Phase I. Preparation of cassava..
(i) Harvest cassava tubers (200 lb fresh tubers = 15 gallons unstrained parakari "mash"; FIG. 2a). (ii) Scrape skin from tubers. (iii) Wash tubers with water. (iv) Grate tubers on stone-point graters, requiring 2 h labor for 200 lb (or more quickly with bicycle graters). (v) Squeeze poisonous juice from meal with woven matape. Leave meal overnight in large tub, where it goes sour, further reducing or eliminating toxins. (vi) Let starch settle out; pour off juice; collect starch into three grapefruit-size balls and sun-dry for use in inoculum. (vii) Squeeze meal with matape a second time. (viii) Sift squeezed meal through woven screen. (ix) On metal pan over fire bake meal into cassava bread "rounds" or "ovals", 2 cm thick and ~75 cm diam; bake brown (well done) to a greater degree than is normal for cassava bread (FIG. 2b). It takes 3.5 h to bake ca 200 lb of meal. (Overbaking produces bitter parakari.) Spread rounds on thatched roof to sundry.
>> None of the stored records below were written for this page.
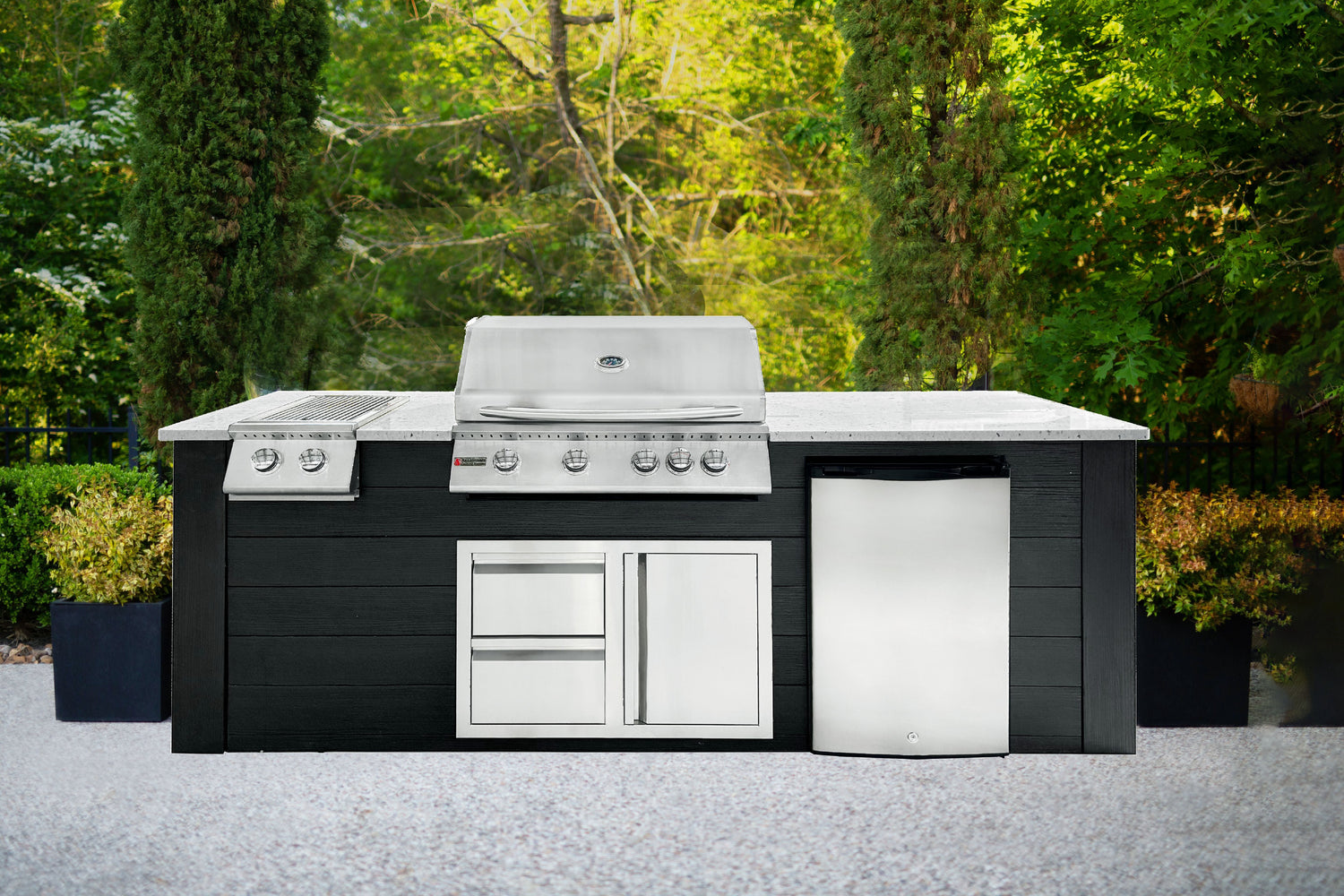 Outdoor Kitchens
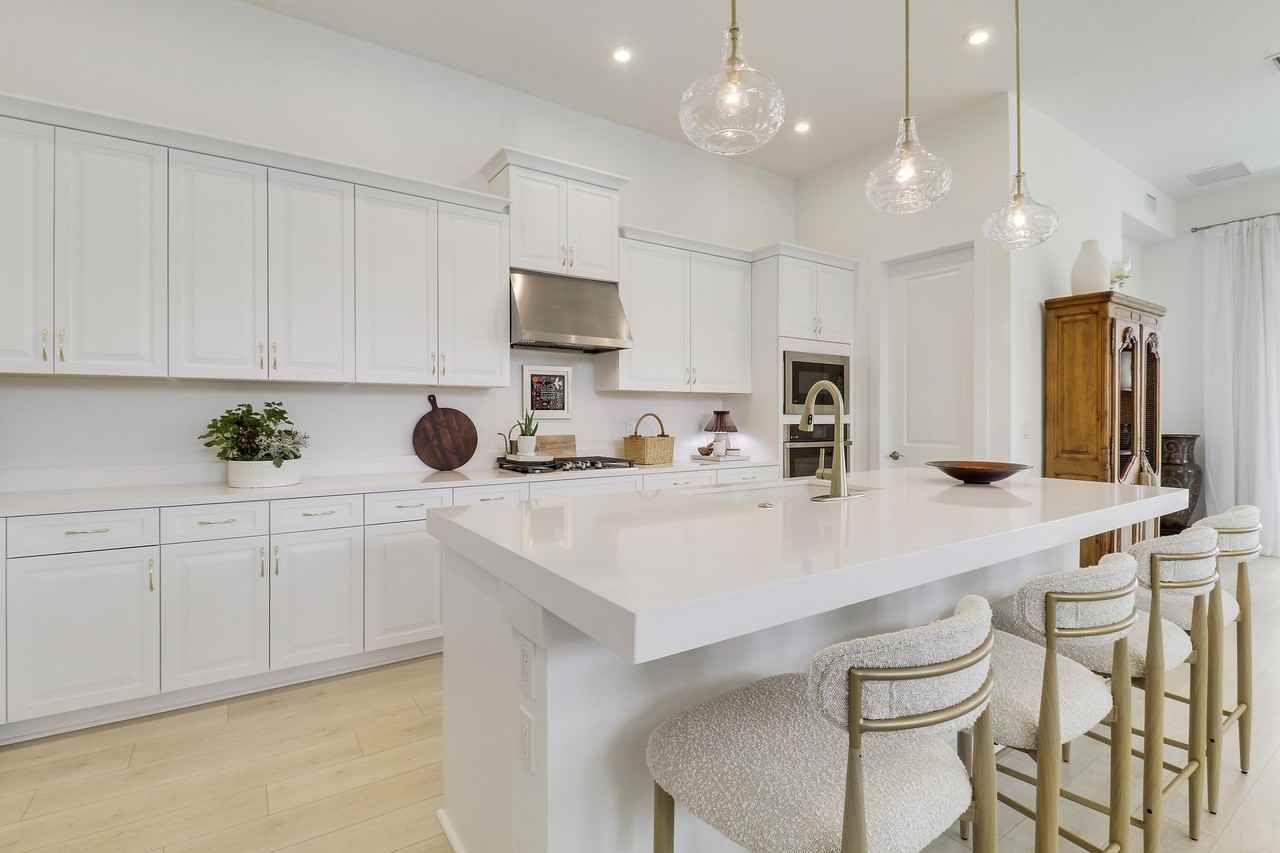 7030 Se Haven Ln - Photo 7 of 50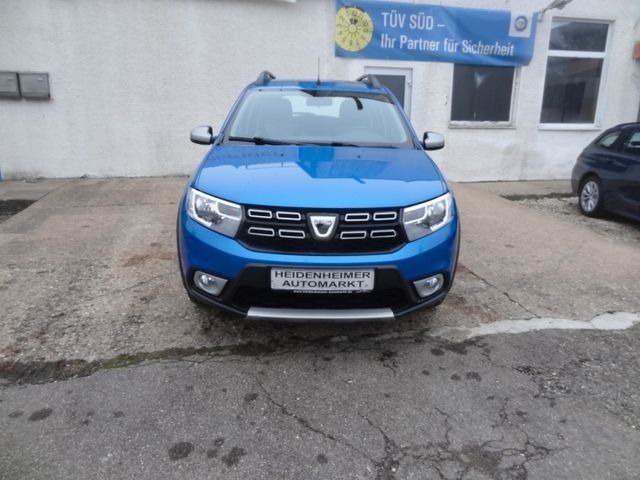 Fahrzeugabbildung Dacia Sandero II Stepway Prestige/1.Hd/Navi/PDC/87TKM/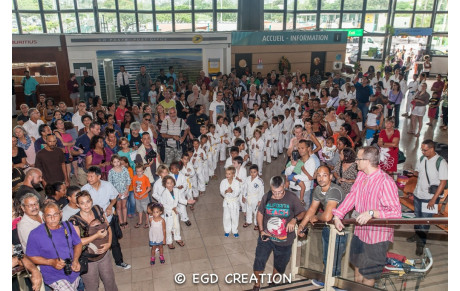 TEDDY RINER A LA REUNION - Arrivée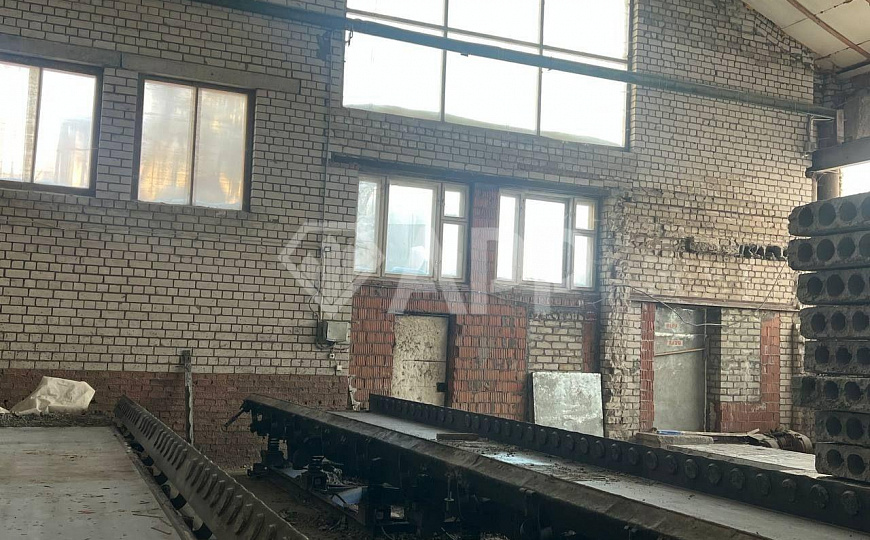 Идеальное помещение под производство фото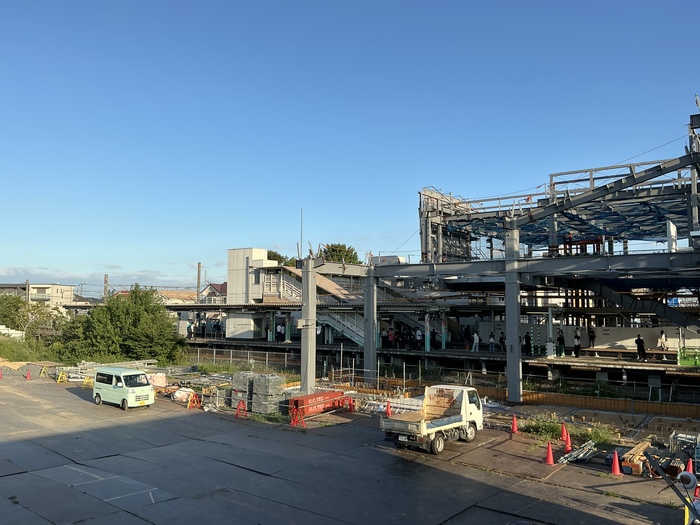 令和8年8月撮影写真その3 北口側で鉄骨建て方が進められています。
Phase II. Preparation of fungal inoculum..
(x) Take sun-dried inoculum leaves (T. micrantha) from previous batch, dry further in pan over low heat; when warm and crumbly grind with wooden mortar and pestle to make 1 lb of powdered leaf inoculum. (xi) Sift and parch powdered starch granules (from step vi) over low heat until lightly brown. (xii) Mix warm starch (step xi) with leaf powder (step x) in tub (FIG. 2c).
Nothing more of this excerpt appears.